PS Arms-wise wasn't the company that wanted to do the background check on Don some kind of defense industry outfit (began with an N and may actually have been a real company). If so that contact allegedly went back to end of S2 when D. left P. at poolside in So Cal.

John M said...

Thanks, Lauren. I remember it well. Am currently reading Rick Perlstein's brilliant Nixonland, which is really a book about the sixties, so a great companion to MM.

John M said...

Ah, we cross-posted.

Yes, Don and Pete had gone out to LA because of the numerous aerospace companies setting up out there and it was one of them, though I can't recall the name. I guess if background security checks are the order of the day, it may be a blessing in disguise for Don that he can't get signed by Dow. Besides, give it a couple of years and Dow's ad agency will probably be being firebombed by hippy protesters.

Helena said...

The arms company account became a problem for Don in 4.10. Pete had finally won North American Aviation but Don had a panic attack over the security check. His way out was to tell Pete to dump NAA with the excuse that 'we want Martin Marietta or Hughes'. It was said so fast by Don that I remember having to listen to the clip several times, just like Ken's reference to the Fair Packaging Act that I've been nagging about on the Guardian blog this week. I love the way MW hides these Easter egg lines, often only a sentence.

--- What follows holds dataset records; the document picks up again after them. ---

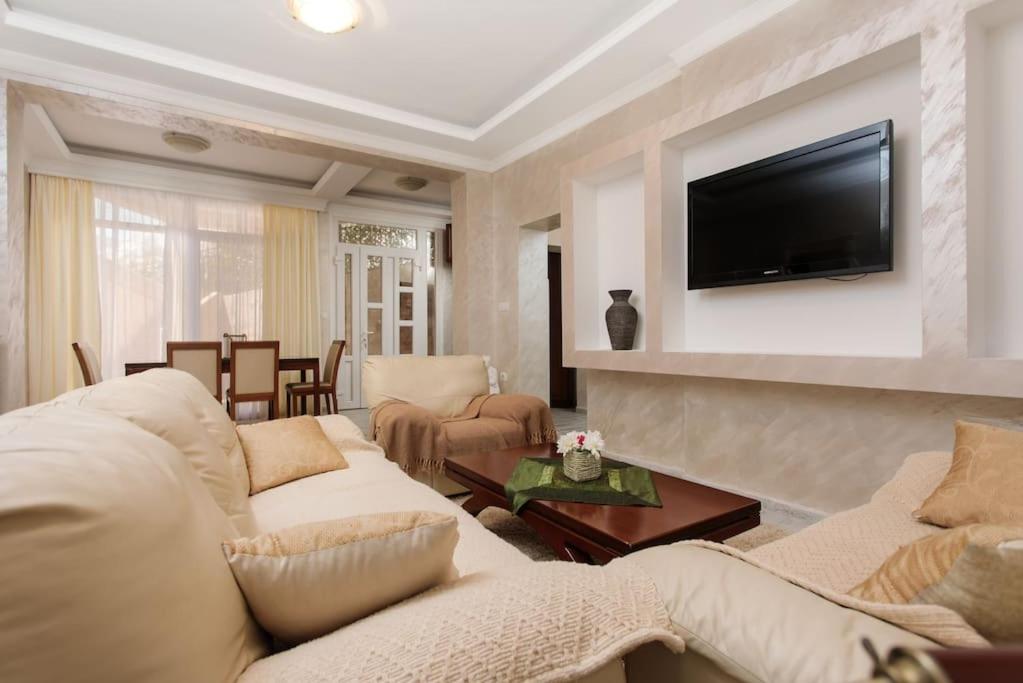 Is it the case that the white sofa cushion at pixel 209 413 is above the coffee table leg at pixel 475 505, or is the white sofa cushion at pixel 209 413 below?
above

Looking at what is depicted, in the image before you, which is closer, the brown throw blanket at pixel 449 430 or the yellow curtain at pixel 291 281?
the brown throw blanket at pixel 449 430

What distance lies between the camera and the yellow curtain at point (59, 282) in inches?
201

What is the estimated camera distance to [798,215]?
2.74 metres

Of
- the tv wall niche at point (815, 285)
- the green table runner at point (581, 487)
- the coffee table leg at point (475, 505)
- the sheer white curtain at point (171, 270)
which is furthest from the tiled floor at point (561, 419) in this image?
the green table runner at point (581, 487)

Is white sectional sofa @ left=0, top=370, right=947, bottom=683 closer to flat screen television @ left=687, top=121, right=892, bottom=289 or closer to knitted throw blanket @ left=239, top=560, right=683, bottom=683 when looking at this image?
knitted throw blanket @ left=239, top=560, right=683, bottom=683

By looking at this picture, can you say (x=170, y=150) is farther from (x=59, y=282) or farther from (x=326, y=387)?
(x=326, y=387)

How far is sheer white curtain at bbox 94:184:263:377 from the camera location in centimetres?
543

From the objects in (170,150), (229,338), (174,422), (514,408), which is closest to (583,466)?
(514,408)

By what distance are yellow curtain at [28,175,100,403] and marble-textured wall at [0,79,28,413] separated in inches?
79.7

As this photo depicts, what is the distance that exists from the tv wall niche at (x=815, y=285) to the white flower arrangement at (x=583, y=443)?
147cm

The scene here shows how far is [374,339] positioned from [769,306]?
5248 mm

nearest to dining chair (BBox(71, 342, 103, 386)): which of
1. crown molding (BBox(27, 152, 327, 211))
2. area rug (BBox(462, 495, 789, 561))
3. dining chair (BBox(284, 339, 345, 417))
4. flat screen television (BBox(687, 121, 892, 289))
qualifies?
dining chair (BBox(284, 339, 345, 417))

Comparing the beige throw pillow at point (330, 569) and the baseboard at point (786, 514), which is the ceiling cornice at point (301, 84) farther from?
the beige throw pillow at point (330, 569)

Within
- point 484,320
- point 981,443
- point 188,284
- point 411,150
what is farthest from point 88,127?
point 981,443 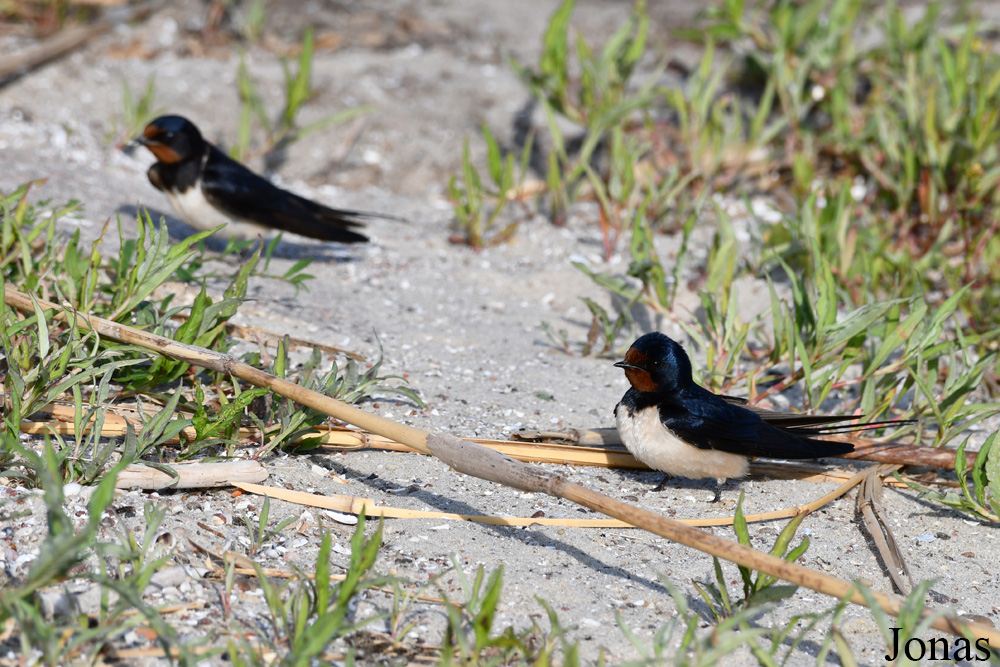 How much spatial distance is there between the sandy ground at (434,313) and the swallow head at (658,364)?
34 centimetres

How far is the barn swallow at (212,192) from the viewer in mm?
4324

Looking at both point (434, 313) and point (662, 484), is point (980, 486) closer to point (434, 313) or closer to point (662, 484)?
point (662, 484)

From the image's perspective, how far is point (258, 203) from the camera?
4398mm

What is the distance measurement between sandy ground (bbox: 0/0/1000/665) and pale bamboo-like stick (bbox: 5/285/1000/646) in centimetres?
22

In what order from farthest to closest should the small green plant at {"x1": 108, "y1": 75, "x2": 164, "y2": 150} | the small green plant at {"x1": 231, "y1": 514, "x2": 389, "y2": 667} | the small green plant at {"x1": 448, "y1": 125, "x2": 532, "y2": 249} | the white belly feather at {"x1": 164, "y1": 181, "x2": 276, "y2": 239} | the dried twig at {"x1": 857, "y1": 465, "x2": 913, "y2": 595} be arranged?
the small green plant at {"x1": 108, "y1": 75, "x2": 164, "y2": 150}
the small green plant at {"x1": 448, "y1": 125, "x2": 532, "y2": 249}
the white belly feather at {"x1": 164, "y1": 181, "x2": 276, "y2": 239}
the dried twig at {"x1": 857, "y1": 465, "x2": 913, "y2": 595}
the small green plant at {"x1": 231, "y1": 514, "x2": 389, "y2": 667}

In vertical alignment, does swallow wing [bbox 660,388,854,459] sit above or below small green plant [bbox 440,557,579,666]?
above

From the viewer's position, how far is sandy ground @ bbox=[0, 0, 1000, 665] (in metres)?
2.18

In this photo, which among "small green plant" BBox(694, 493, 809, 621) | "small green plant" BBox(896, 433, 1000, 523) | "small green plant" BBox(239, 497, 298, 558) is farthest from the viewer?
"small green plant" BBox(896, 433, 1000, 523)

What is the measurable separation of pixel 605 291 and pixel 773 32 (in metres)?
2.27

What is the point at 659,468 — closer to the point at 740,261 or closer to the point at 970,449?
the point at 970,449

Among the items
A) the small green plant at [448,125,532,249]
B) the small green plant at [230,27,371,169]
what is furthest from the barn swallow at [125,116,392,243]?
the small green plant at [230,27,371,169]

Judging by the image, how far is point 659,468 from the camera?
273 centimetres

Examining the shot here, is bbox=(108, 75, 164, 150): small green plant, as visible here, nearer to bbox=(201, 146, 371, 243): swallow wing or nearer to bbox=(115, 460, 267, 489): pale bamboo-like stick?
bbox=(201, 146, 371, 243): swallow wing

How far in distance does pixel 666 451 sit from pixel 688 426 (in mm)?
96
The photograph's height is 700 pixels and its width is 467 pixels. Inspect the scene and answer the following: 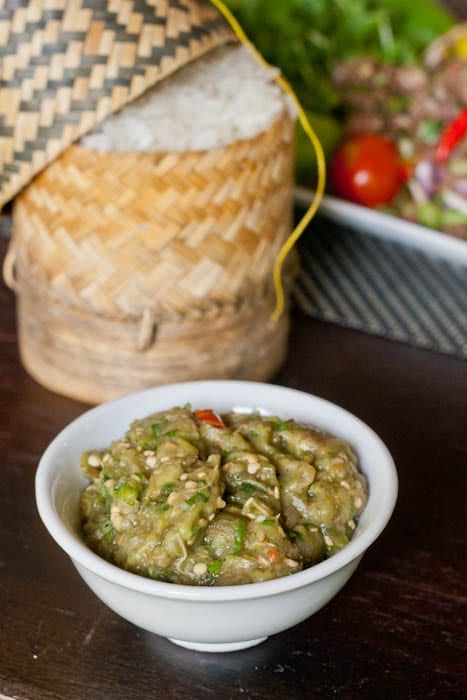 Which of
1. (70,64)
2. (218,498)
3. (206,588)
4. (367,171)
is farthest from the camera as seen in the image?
(367,171)

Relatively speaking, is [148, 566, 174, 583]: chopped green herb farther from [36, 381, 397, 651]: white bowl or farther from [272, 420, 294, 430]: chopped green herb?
[272, 420, 294, 430]: chopped green herb

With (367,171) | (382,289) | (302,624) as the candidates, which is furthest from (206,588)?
(367,171)

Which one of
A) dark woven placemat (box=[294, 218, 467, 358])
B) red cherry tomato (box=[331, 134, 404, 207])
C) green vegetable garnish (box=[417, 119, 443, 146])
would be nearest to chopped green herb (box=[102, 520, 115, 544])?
dark woven placemat (box=[294, 218, 467, 358])

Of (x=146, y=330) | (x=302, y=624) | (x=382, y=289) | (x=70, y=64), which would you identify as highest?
(x=70, y=64)

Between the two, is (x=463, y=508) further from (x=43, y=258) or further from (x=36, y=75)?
(x=36, y=75)

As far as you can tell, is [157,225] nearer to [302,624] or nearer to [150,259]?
[150,259]

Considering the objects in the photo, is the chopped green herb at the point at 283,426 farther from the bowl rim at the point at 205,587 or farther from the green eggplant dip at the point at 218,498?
the bowl rim at the point at 205,587

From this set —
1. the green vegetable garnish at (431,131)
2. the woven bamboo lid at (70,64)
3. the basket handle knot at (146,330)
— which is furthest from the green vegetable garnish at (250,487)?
the green vegetable garnish at (431,131) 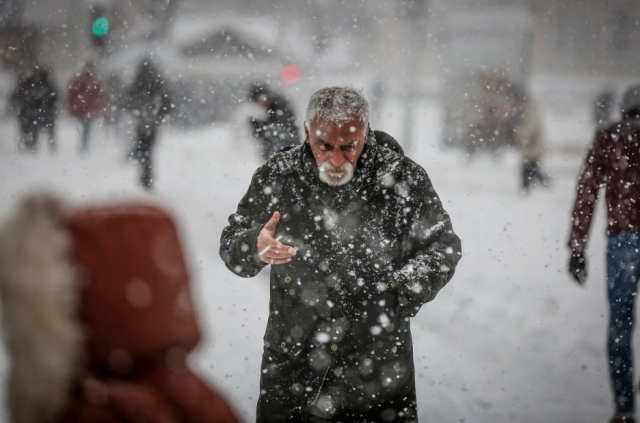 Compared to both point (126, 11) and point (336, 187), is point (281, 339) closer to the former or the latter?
point (336, 187)

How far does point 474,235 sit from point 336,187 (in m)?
3.04

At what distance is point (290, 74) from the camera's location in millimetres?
4855

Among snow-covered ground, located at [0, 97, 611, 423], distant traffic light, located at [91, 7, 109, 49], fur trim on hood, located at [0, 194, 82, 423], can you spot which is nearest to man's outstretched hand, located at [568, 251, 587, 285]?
snow-covered ground, located at [0, 97, 611, 423]

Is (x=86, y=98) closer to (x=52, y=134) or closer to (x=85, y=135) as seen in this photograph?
(x=85, y=135)

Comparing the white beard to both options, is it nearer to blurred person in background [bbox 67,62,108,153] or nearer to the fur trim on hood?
the fur trim on hood

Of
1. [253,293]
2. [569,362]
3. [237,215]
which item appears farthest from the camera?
[253,293]

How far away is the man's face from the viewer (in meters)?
1.73

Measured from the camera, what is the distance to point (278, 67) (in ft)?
15.8

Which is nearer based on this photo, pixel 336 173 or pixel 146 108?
A: pixel 336 173

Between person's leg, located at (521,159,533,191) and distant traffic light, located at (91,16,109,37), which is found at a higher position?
distant traffic light, located at (91,16,109,37)

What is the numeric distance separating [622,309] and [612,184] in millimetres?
552

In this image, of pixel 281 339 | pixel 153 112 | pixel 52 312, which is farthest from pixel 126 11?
pixel 52 312

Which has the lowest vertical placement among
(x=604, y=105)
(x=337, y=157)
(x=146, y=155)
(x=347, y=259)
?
(x=347, y=259)

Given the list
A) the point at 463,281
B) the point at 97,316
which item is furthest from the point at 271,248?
the point at 463,281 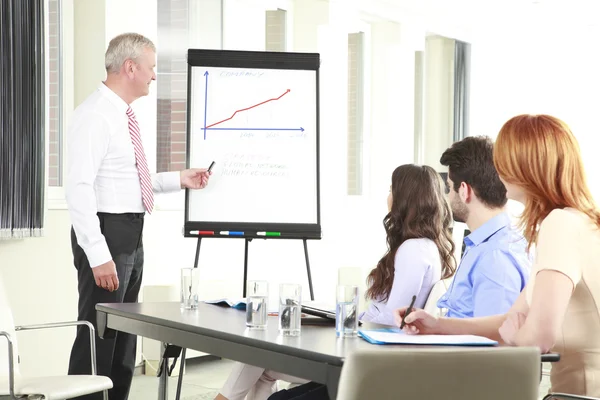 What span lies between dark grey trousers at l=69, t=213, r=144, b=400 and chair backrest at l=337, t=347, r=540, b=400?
2148 millimetres

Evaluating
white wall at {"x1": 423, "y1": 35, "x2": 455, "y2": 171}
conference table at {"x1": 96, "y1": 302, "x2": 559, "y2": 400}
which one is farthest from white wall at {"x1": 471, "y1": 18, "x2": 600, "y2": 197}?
conference table at {"x1": 96, "y1": 302, "x2": 559, "y2": 400}

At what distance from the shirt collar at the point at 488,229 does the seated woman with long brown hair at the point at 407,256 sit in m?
0.32

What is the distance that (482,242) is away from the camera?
2535mm

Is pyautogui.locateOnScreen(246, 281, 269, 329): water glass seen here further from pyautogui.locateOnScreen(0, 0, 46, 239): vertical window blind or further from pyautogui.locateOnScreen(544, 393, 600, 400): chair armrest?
pyautogui.locateOnScreen(0, 0, 46, 239): vertical window blind

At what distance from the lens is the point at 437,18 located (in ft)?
25.5

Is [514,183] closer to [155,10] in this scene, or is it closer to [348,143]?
[155,10]

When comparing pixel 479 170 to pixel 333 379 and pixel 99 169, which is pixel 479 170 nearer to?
pixel 333 379

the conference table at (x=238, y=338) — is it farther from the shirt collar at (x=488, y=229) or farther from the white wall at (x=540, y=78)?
the white wall at (x=540, y=78)

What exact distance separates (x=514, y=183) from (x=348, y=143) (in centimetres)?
525

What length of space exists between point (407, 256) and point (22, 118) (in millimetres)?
2185

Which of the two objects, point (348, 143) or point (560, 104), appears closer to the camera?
point (348, 143)

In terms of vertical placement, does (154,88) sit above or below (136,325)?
above

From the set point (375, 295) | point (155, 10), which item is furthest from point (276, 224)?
point (155, 10)

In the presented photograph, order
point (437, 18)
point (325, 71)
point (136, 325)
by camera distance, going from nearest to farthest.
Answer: point (136, 325) → point (325, 71) → point (437, 18) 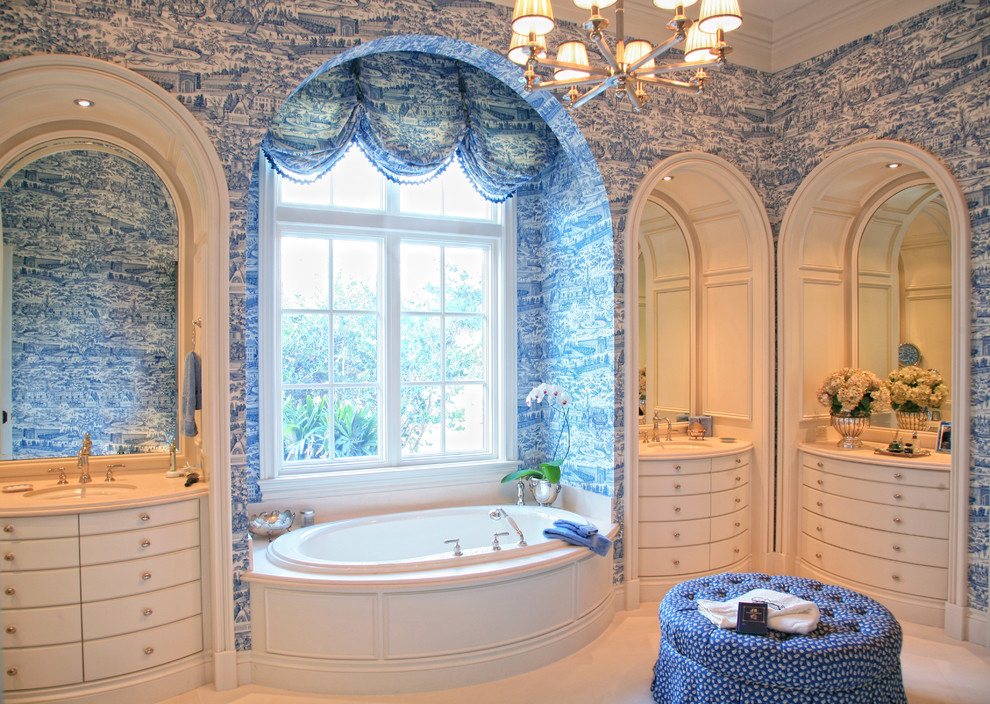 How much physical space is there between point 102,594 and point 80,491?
20.0 inches

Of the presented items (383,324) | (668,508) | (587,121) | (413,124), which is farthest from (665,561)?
(413,124)

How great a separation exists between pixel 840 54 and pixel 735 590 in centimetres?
310

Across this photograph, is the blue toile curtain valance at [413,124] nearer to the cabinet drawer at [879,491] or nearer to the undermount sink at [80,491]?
the undermount sink at [80,491]

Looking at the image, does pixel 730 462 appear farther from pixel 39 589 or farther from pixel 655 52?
pixel 39 589

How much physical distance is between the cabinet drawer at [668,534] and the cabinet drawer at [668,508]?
0.11ft

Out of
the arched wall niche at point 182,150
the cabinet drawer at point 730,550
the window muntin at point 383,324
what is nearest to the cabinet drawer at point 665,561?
the cabinet drawer at point 730,550

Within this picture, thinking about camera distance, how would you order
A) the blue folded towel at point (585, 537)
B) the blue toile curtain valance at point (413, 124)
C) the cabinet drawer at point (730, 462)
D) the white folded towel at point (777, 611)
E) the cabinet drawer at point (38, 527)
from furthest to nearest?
the cabinet drawer at point (730, 462) < the blue toile curtain valance at point (413, 124) < the blue folded towel at point (585, 537) < the cabinet drawer at point (38, 527) < the white folded towel at point (777, 611)

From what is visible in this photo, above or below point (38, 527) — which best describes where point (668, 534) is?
below

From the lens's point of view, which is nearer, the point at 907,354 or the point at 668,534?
the point at 668,534

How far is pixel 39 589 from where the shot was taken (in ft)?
8.11

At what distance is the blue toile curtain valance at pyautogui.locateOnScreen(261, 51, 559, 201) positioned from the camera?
340cm

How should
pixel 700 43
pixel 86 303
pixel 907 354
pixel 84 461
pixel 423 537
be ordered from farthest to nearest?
1. pixel 907 354
2. pixel 423 537
3. pixel 86 303
4. pixel 84 461
5. pixel 700 43

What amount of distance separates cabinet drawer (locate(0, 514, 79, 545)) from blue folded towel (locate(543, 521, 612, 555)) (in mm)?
2094

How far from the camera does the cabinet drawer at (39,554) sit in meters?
2.45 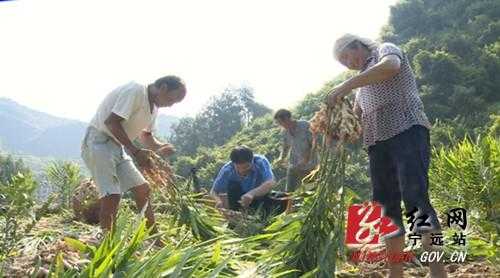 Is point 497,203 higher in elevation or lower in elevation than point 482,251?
higher

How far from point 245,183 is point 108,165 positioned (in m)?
1.64

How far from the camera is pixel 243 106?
55750mm

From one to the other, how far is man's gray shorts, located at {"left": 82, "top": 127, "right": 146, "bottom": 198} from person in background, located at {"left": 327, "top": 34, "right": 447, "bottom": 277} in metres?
1.50

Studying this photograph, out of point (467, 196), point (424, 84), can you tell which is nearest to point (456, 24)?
point (424, 84)

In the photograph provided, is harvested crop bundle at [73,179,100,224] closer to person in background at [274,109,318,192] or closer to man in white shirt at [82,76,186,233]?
man in white shirt at [82,76,186,233]

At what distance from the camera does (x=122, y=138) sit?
329 centimetres

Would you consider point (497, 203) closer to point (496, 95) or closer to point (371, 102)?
point (371, 102)

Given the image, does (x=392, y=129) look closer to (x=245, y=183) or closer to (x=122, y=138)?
(x=122, y=138)

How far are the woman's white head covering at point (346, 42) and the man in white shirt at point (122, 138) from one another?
3.42 feet

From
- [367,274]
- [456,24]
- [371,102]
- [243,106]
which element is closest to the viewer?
[371,102]

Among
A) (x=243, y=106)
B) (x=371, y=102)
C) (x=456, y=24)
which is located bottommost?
(x=243, y=106)

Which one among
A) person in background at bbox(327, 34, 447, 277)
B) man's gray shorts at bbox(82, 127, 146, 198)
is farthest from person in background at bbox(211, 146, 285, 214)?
person in background at bbox(327, 34, 447, 277)

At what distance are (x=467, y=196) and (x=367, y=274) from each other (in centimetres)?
80

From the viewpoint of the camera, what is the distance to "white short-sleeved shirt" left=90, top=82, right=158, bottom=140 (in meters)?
3.36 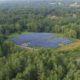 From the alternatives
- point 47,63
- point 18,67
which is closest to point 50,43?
point 47,63

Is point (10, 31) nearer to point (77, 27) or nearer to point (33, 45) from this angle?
point (33, 45)

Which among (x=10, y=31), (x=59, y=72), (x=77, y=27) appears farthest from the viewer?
(x=10, y=31)

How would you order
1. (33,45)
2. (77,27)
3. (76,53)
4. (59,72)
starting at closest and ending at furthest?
(59,72)
(76,53)
(33,45)
(77,27)

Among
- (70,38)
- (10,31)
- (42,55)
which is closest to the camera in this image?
(42,55)

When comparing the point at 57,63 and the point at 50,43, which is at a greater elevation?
the point at 57,63

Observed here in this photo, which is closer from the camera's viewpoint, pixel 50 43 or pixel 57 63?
pixel 57 63

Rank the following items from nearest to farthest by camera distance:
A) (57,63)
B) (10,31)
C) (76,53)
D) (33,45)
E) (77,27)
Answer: (57,63) → (76,53) → (33,45) → (77,27) → (10,31)

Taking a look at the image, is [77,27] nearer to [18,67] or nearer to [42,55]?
[42,55]

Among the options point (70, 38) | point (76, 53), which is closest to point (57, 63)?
point (76, 53)

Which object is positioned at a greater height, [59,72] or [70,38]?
[59,72] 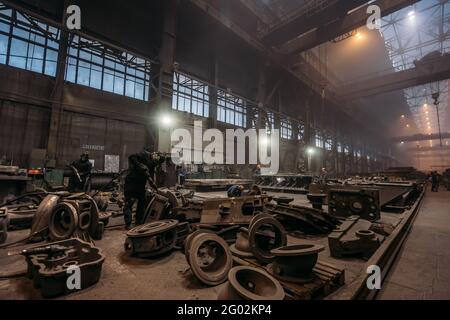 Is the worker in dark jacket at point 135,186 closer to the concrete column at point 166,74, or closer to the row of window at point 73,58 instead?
the concrete column at point 166,74

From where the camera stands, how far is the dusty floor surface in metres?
1.77

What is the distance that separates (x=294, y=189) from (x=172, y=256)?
8.03 meters

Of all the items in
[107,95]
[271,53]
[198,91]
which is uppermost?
[271,53]

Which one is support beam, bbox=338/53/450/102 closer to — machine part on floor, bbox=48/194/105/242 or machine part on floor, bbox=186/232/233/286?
machine part on floor, bbox=186/232/233/286

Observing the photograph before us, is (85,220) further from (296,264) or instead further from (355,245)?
(355,245)

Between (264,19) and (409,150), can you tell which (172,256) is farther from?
(409,150)

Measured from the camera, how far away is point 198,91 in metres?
13.9

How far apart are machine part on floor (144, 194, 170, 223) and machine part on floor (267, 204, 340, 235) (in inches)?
77.0

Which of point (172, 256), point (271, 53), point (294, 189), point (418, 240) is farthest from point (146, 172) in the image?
point (271, 53)

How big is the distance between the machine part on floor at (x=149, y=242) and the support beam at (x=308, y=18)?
14982mm

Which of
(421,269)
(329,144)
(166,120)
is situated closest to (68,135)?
(166,120)

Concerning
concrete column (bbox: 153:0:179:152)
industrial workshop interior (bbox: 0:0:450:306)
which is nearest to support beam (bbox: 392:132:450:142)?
industrial workshop interior (bbox: 0:0:450:306)

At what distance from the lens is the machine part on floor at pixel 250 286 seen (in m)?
1.45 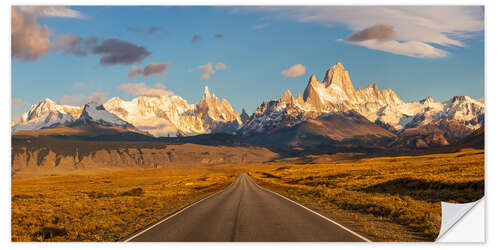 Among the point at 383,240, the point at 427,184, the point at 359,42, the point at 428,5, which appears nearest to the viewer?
the point at 383,240

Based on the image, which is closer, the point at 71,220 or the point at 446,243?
the point at 446,243

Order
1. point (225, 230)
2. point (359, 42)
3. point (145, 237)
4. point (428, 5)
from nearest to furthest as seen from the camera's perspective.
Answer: point (145, 237) < point (225, 230) < point (428, 5) < point (359, 42)

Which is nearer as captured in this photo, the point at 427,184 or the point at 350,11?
the point at 350,11

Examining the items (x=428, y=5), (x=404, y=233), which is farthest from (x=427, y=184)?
(x=404, y=233)

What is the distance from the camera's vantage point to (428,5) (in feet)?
82.0

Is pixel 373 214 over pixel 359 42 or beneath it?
beneath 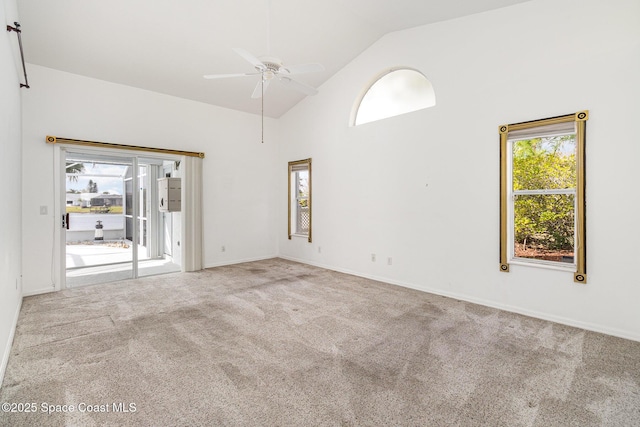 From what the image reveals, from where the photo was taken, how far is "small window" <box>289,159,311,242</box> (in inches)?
255

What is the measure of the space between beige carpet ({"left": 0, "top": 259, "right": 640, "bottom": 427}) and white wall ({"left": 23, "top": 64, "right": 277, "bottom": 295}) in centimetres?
135


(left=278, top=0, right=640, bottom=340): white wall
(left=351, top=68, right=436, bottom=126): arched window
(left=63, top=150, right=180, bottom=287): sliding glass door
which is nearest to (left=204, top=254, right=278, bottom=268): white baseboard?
(left=63, top=150, right=180, bottom=287): sliding glass door

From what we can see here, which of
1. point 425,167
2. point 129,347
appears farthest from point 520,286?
point 129,347

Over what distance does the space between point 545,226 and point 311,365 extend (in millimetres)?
3105

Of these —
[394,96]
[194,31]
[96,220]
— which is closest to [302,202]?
[394,96]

mrs. harris (the mother) said...

thank you for a good summary. have nothing to add, other than I consider it was a grave mistake on the part of the episode creators to invite for the role of a dysfunctional family's mother such a grand dame as Julia Ormond. She stole the show. She did not give an appearance of a desperate housewife at all... rather intensified Bunuelesque's sense of travesty and grotesque of the situation...

with respect

Lauren said...

Thank you Helena for that useful refresher. (And thanks also to zina for your comments which are always so much fun to read!)

I confess that I did not love the panic attack of 4.10 and am very happy to see Don's Batman plot--which AFAIC reached a beautiful conclusion at the end of S3--given a rest this year.

Mrs. Harris (are you often mistaken for the fille btw)--I know what you mean about Ormond and, yes, definitely most Bunuelesuqe. Though given that Sally always steals the show (this time sharing the honor with Marie, to be sure) I'm not sure the effect wasn't desired. I don't think Marie is supposed to be desperate (mind you, I may be missing your reference since I've never seen the television show you might be referring to). I don't get the feeling this is a new kind of situation for her: she seems quite settled in her ways, down to the end of her cigarette ash. She may go up in smoke one day but if so she'll die by the sword she lived by.